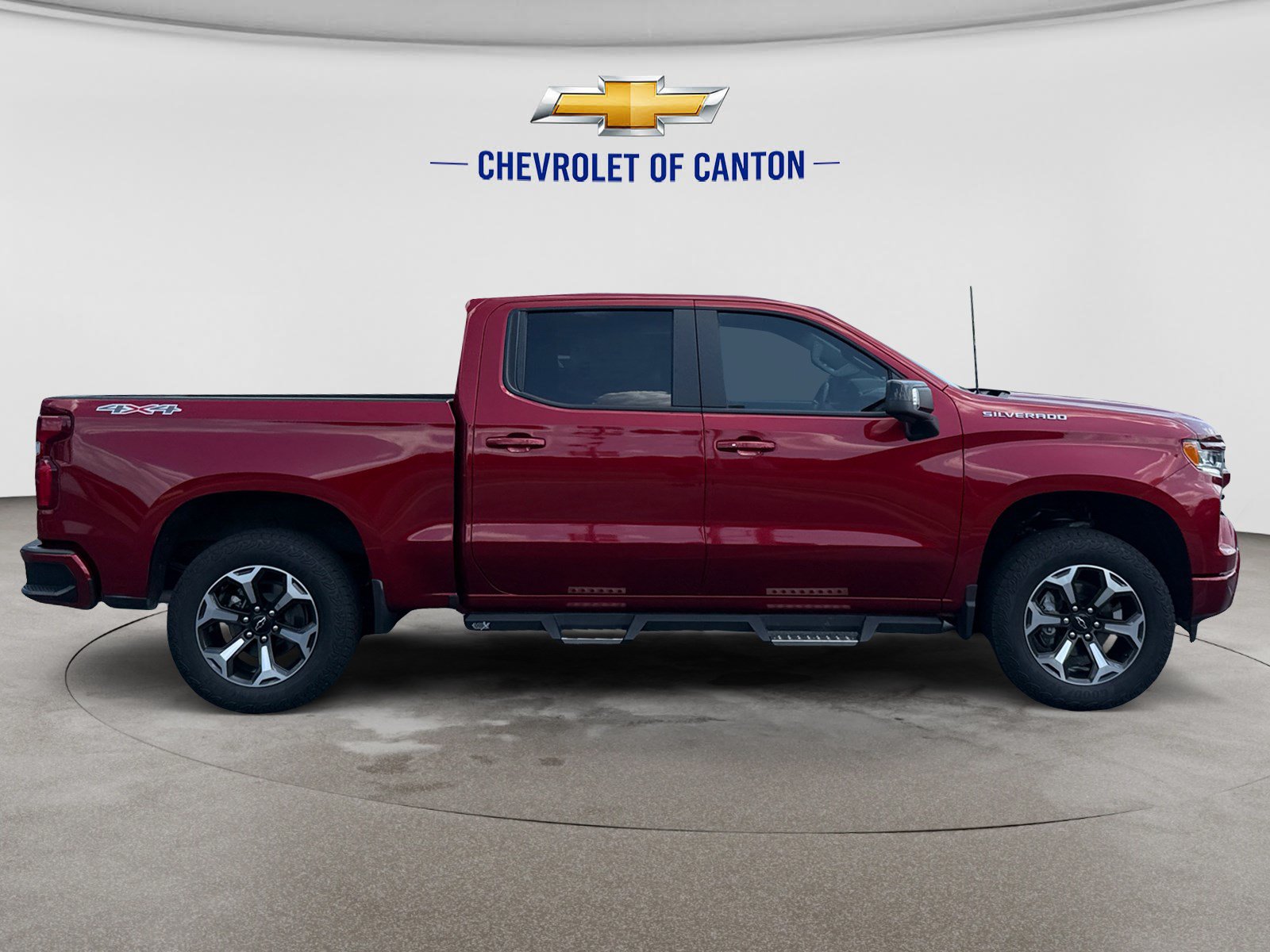 Used 2025 Chevrolet Silverado 1500 RST w/ Convenience Package II AWD/4WD image 4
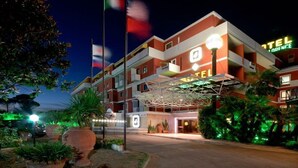 Un hotel de diseño moderno, con varios pisos y balcones.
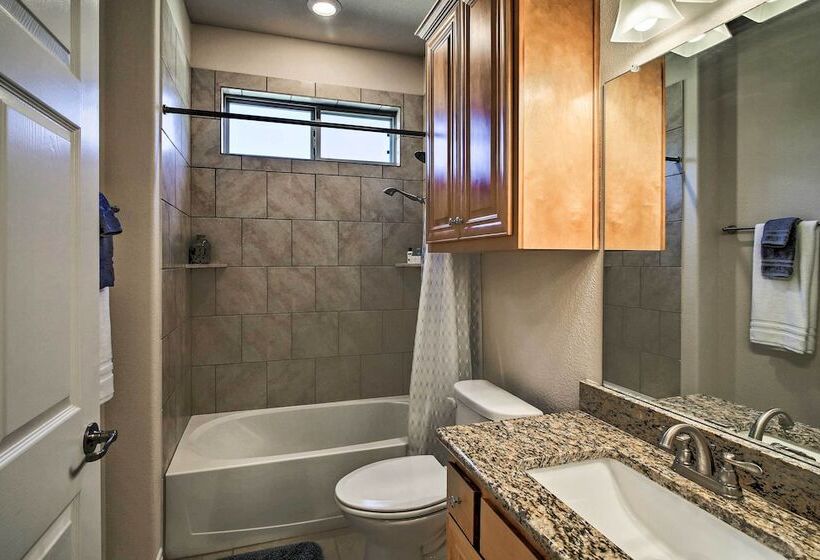 Hill Country Casita W/ Patio: 13 Mi To Dtwn Boerne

|---|

What this task involves: Omit pictures; set down the rest of the material word for word.

Solution for this exercise:
 Used 2025 Chevrolet Silverado 1500 RST w/ Convenience Package II AWD/4WD image 4
 Un hotel de diseño moderno, con varios pisos y balcones.
 Hill Country Casita W/ Patio: 13 Mi To Dtwn Boerne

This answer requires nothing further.